BEGIN Given records
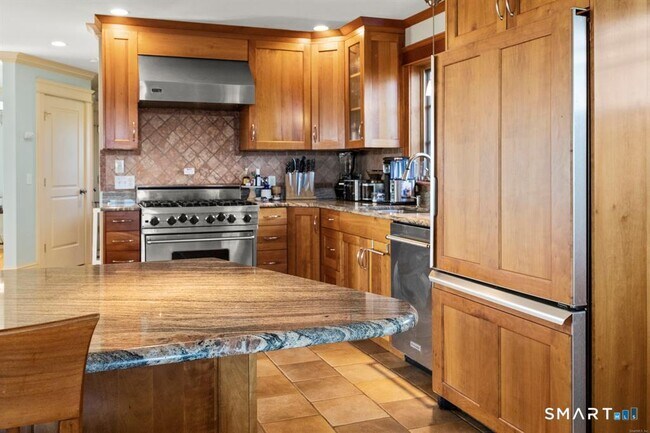 Building Photo - 4 Point Rd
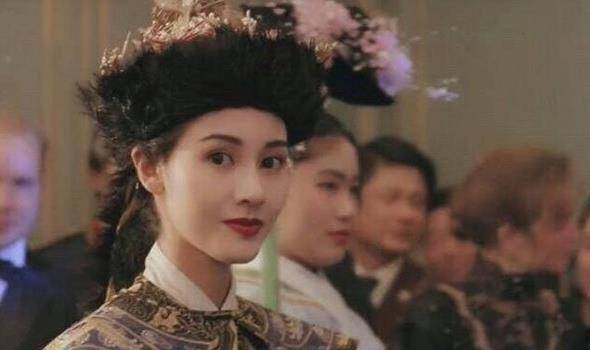 最美港姐李嘉欣,几度插足富豪感情,她到底有什么样的?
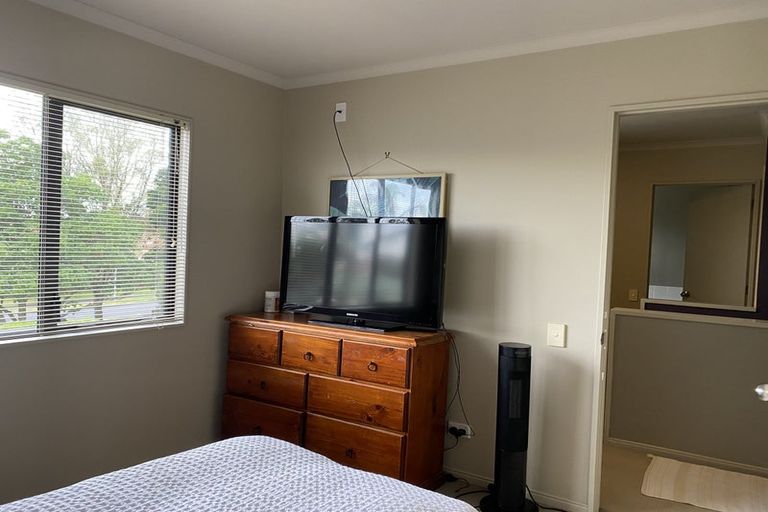 Photo of property in 59 Espalier Drive, Henderson, Auckland, 0612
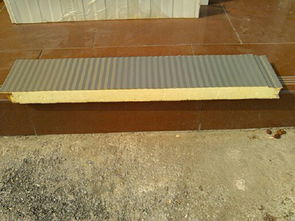 聚氨酯夾芯板 現(xiàn)代建筑中的高效節(jié)能材料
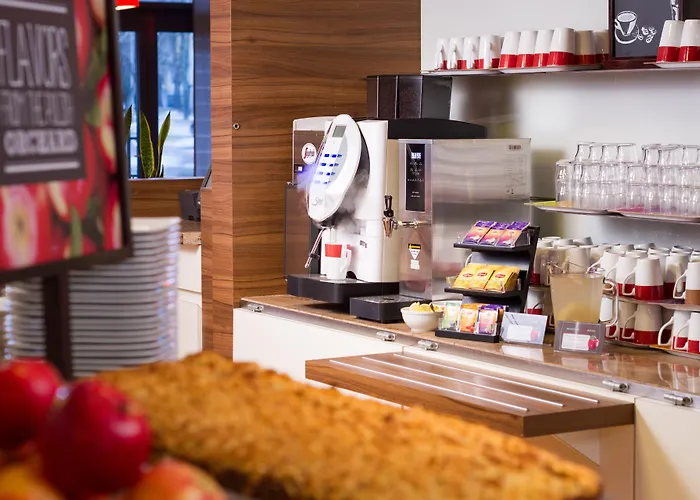 Ibis West Station 3*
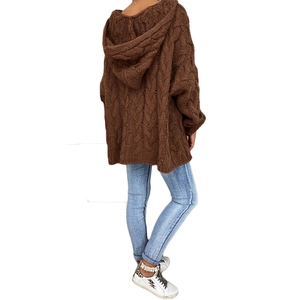Jersey con capucha marrón oversize para mujer con punto de ochos y corte holgado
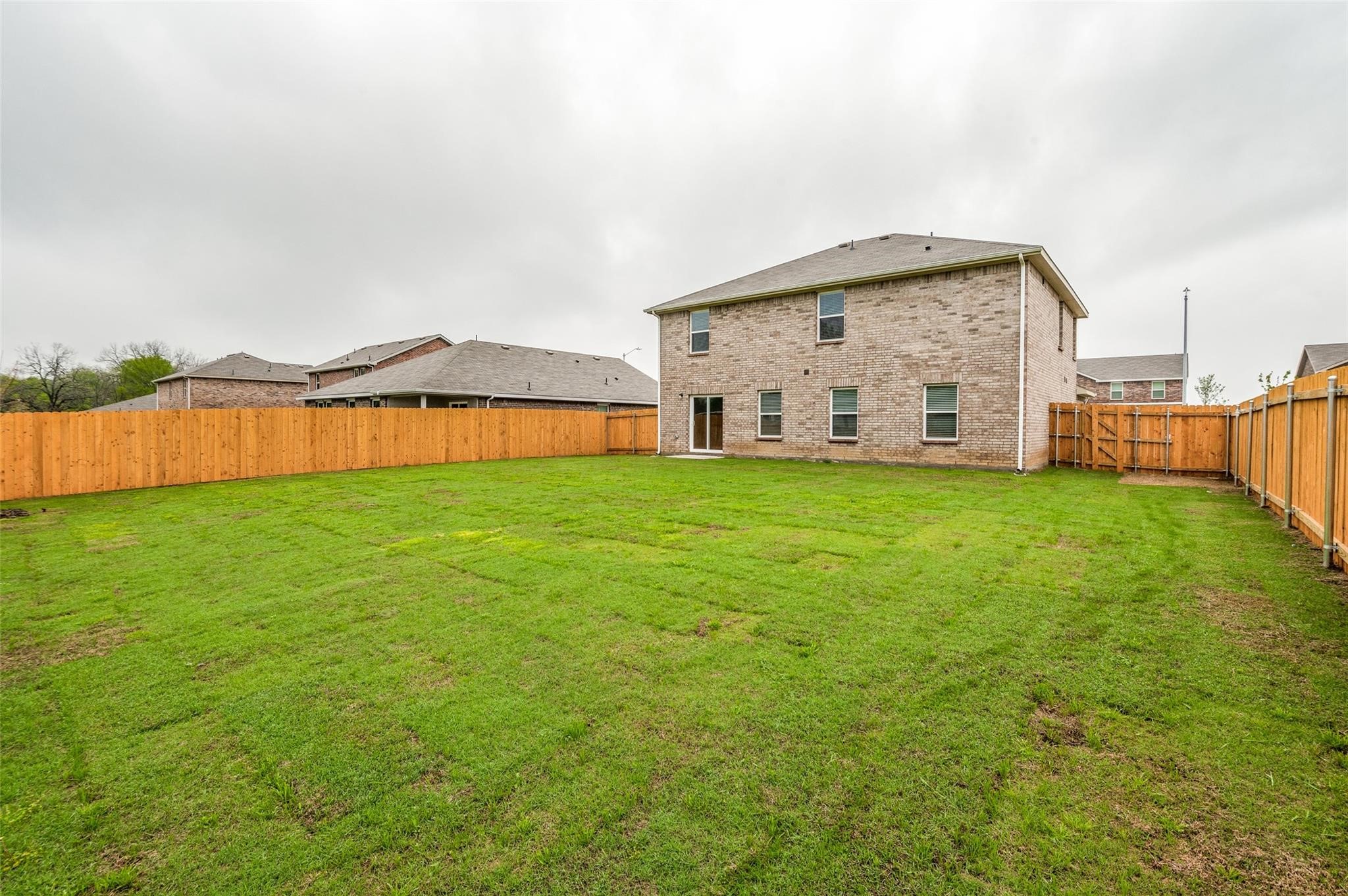 3527 Chestnut Oak Drive Dallas TX 75253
END Given records
- [What to work on] Would you retype each line above exactly and skip every image?

- [Expected output]
 Building Photo - 4 Point Rd
 最美港姐李嘉欣,几度插足富豪感情,她到底有什么样的?
 Photo of property in 59 Espalier Drive, Henderson, Auckland, 0612
 聚氨酯夾芯板 現(xiàn)代建筑中的高效節(jié)能材料
 Ibis West Station 3*
Jersey con capucha marrón oversize para mujer con punto de ochos y corte holgado
 3527 Chestnut Oak Drive Dallas TX 75253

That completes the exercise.